A poco meno di meno quattro mesi dal gong dei prossimi Europei, la Nazionale spagnola ha deciso di rinnovare la fiducia nei confronti del proprio commissario tecnico, Luis de la Fuente. La federazione si è avvalsa di esercitare la clausola unilaterale di prolungamento del contratto inclusa nell’accordo col tecnico. Tale estensione consentirà a de la Fuente di sedere sulla panchina della Spagna anche nei prossimi Mondiali, in programma nel 2026 tra Stati Uniti, Canada e Messico.

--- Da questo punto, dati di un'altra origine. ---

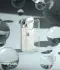 Ringke Fusion Apple iPhone 15 Plus Hoesje Back Cover Matte Transparant afbeelding 10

Un gesto autentico di stima verso il proprio tecnico della Federazione spagnola. Arrivato dopo l’esperienza precedente con l’under 21, de la Fuente ha guidato le Furie Rosse alla vittoria della Nations League. Nel percorso verso Euro 2024, la sua Spagna si è classificata prima nel proprio girone, davanti alla Scozia. Durante la sua guida tecnica, va ricordato come de la Fuente abbia pure valorizzato diversi giovani talenti. Tra questi, Lamine Yamal, fiore all’occhiello della nuova Spagna e marcatore più giovane nella storia della Nazionale iberica. Di seguito il comunicato della Federazione spagnola.

COMUNICATO – “La commissione di gestione della RFEF ha autorizzato agli organi della Federazione di esercitare la clausola di rinnovo inclusa nel contratto dl commissario tecnico, Luis de la Fuente. Ciò permetterà il prolungamento della relazione di entrambe le parti fino al prossimo Mondiale. La Commissione di gestione considera ciò come un passo necessario per dare stabilità alla Nazionale in vista del prossimo Europeo”.